What needs to be done: The lines wanted are those in the data below that include "Black".

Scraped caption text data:
━━━━━━━━━━━━━━━━━━━━

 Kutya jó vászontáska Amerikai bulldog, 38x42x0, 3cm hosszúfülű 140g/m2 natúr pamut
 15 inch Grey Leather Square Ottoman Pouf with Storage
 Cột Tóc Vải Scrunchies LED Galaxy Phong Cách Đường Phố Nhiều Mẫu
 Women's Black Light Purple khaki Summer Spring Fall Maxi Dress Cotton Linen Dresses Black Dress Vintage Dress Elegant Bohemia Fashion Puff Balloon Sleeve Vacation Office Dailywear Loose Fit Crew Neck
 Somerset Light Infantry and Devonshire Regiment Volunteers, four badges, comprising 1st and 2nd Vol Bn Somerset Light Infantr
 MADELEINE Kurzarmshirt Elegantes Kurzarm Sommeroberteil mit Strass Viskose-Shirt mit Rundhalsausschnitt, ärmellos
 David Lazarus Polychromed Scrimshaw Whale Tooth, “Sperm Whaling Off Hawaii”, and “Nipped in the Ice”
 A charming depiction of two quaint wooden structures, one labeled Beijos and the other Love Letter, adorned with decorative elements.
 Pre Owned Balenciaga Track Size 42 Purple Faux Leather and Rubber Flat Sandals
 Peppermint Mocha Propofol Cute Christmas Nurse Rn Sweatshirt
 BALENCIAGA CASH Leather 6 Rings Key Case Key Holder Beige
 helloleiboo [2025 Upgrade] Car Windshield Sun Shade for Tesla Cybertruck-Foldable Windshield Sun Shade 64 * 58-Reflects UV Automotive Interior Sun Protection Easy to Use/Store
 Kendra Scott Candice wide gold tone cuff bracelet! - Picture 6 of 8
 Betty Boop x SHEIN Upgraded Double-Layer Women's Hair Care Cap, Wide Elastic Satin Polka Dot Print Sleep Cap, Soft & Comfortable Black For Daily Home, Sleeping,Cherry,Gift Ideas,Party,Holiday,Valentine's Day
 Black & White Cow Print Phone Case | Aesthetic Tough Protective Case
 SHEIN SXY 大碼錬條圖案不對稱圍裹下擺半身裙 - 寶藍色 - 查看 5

━━━━━━━━━━━━━━━━━━━━

Written answer:
 Women's Black Light Purple khaki Summer Spring Fall Maxi Dress Cotton Linen Dresses Black Dress Vintage Dress Elegant Bohemia Fashion Puff Balloon Sleeve Vacation Office Dailywear Loose Fit Crew Neck
 Betty Boop x SHEIN Upgraded Double-Layer Women's Hair Care Cap, Wide Elastic Satin Polka Dot Print Sleep Cap, Soft & Comfortable Black For Daily Home, Sleeping,Cherry,Gift Ideas,Party,Holiday,Valentine's Day
 Black & White Cow Print Phone Case | Aesthetic Tough Protective Case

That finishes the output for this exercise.